C’est tout à fait accidentellement que I. reichenbachii a été utilisé. Mais Paul Cook, l’hybrideur qui l’a croisé par mégarde avec un de ses semis, a découvert que ce petit iris jaune, au demeurant tétraploïde (dans la plupart des cas), ce qui a facilité son utilisation, disposait de gènes inhibant le développement des pigments dans les pétales de la fleur. D’où l’apparition de véritables iris blanc/bleu, puis blanc/ autre couleur et enfin de variétés franchement bicolores. On appelle I. suaveolens une autre espèce naine, mais toujours diploïde, voisine de reichenbachii et de pumila, dont les fleurs sont dans les tons de crème ou de pourpre. Il entre essentiellement dans les gênes des iris nains diploïdes.

Le groupe « pumila »
· I. pumila
· I. lutescens

Ce dernier groupe est à la base des iris nains et, partant, de tous ceux qui en dérivent. Il tient, dans ces catégories, la place occupée par le groupe « germanica » chez les grands iris. I. pumila est vraiment nain, robuste, fertile et florifère. Dans la nature il comporte quatre sets de 8 chromosomes. Croisé avec des espèces voisines comme I. attica, il se présente sous une forme diploïde. I. lutescens, correspond, en jaune, à I. pumila qui, lui, est le plus souvent de couleur violette.

Tom Waters précise que « les modernes TB et BB, tétraploïdes, dérivent essentiellement de I. germanica, I. pallida et I. variegata. Les SDB, MDB et IB sont surtout issus de I. pumila et des TB et BB tétraploïdes. Parmi les MTB, ceux qui sont diploïdes proviennent d’espèces diploïdes et en particulier de I. variegata, tandis que ceux qui sont tétraploïdes sont dérivés de TB ou de BB ainsi que de I. aphylla. »

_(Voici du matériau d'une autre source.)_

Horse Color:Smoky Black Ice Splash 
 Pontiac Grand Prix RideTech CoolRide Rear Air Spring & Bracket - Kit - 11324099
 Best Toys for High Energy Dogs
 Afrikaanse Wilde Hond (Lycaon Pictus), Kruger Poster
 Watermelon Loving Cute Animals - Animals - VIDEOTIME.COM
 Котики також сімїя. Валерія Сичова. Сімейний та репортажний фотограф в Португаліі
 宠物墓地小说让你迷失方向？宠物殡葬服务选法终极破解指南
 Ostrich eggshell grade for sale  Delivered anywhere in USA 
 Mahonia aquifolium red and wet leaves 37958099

La complexité des origines de tous les hybrides modernes, ajoutée au fait qu’on arrive aujourd’hui aux alentours de trente générations de croisements fait que nos iris aient atteint le degré avancé de perfection que nous leurs connaissons. Mais on a constaté un certain affaiblissement général de la plante. Pour remédier à cette situation, plusieurs hybrideurs s’efforcent de réintroduire dans leurs croisements des espèces pures, sensées apporter la robustesse des plantes sauvages. Serait-ce l’amorce d’un retour aux origines ?

Source :
T. Waters : « An Evolutionary Family Tree of the Bearded Irises » in http://www.telp.com/irises/tree.htm .

Illustrations :
· I. imbricata (Lindl. 1845)
· I. pallida (Lam. 1789)
· I. suaveolens (Boiss. et Reut. 1853)
· I. variegata (L. 1753)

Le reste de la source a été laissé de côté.